SQL timeouts and disconnects?

  • Every 2 or 3 months we get sql timeouts or lose connection, mostly in SSMS. Usually disappears after a few days. This also causes disconnects from my application servers causing end uses to lose connection. At times, I can't even place my cursor in a sql query or execute - just hangs.

    Can't pinpoint a time or trend - just random. Nothing in the SQL log and haven't found anything in event viewer for the SQL box, yet.

    Ran continuous pings to the SQL box from my local pc while having the issue. There were no spikes or drops in packets. Doesn't seem to be network related. The SAN is a bit overloaded, but other than that the hardware is sufficient. Network/Hardware team can't find anything.
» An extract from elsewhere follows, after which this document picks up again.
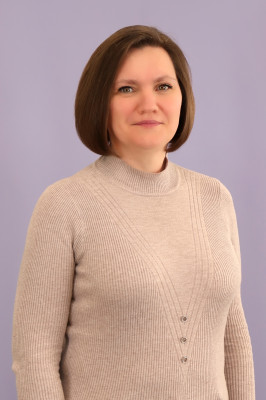 Храмова Елена Ивановна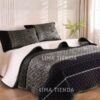 Set quilt carnero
    What else can I check?

    SQL Server 2008 SP1; Enterprise (64-bit)

    OS: Win Server 2008 R2 Enterprise

  • Run PerfMon and a server-side sql trace. You might also check the default trace, see if it has enough back log to show you what was going on the last time this happened.

    You're sure there were no bulk loads or report runs when this happened? Maybe something that stole all the CPU processing? Does it happen around month end / quarter end? Find out who was doing what when this whole thing happened.
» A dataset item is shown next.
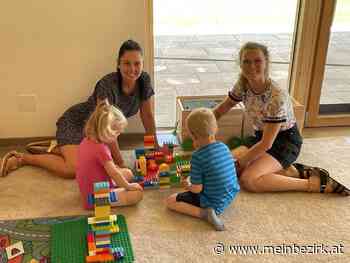 Steinfeld: Ein Kindernest für die jüngsten Drautaler - meinbezirk.at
    And what do you mean by "The SAN is a bit overloaded?"

    Brandie Tarvin, MCITP Database AdministratorLiveJournal Blog: http://brandietarvin.livejournal.com/[/url]On LinkedIn!, Google+, and Twitter.Freelance Writer: ShadowrunLatchkeys: Nevermore, Latchkeys: The Bootleg War, and Latchkeys: Roscoes in the Night are now available on Nook and Kindle.

  • Brandie Tarvin (7/28/2011)


    You're sure there were no bulk loads or report runs when this happened? Maybe something that stole all the CPU processing? Does it happen around month end / quarter end? Find out who was doing what when this whole thing happened.
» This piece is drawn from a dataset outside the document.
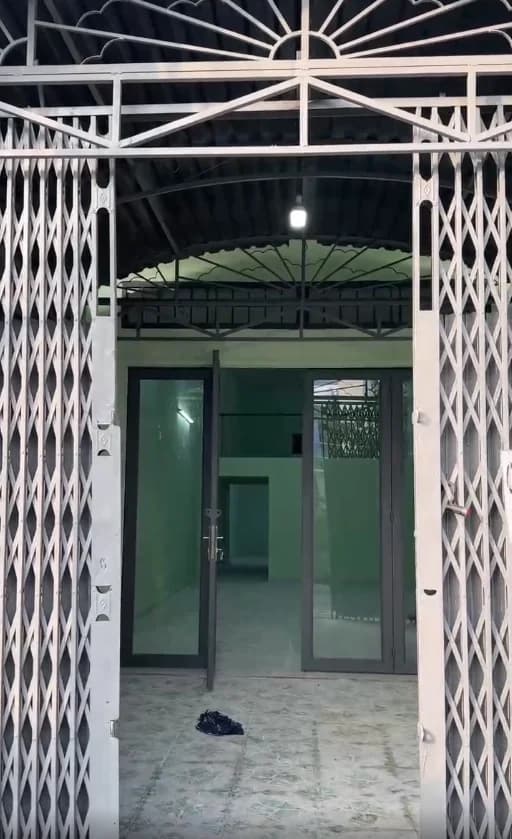 Bán - Nhà hẻm 190/1C ấp Tam Đông, Xã Đông Thạnh, Thành phố Hồ Chí Minh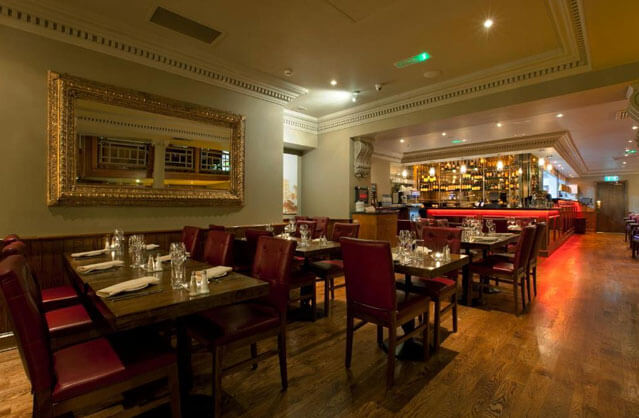 Harcourt Hotel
    There is no timing trend as far as month/quarter end. When I monitor PerfMon, SQL activity, and all hardware metrics - nothing is above average, no intensive processes

    And what do you mean by "The SAN is a bit overloaded?"

    The db's and logs reside on a SAN and it is being worked pretty hard (controllers saturated), but no harder than usual. This COULD be the cause.

  • SkyBox (7/28/2011)


    And what do you mean by "The SAN is a bit overloaded?"

    The db's and logs reside on a SAN and it is being worked pretty hard (controllers saturated), but no harder than usual. This COULD be the cause.

    If you can't find any other problem, then I would say that *is* the problem. Time to find some real SAN performance monitoring tools and leave them running to see what happens during these intermittent problems.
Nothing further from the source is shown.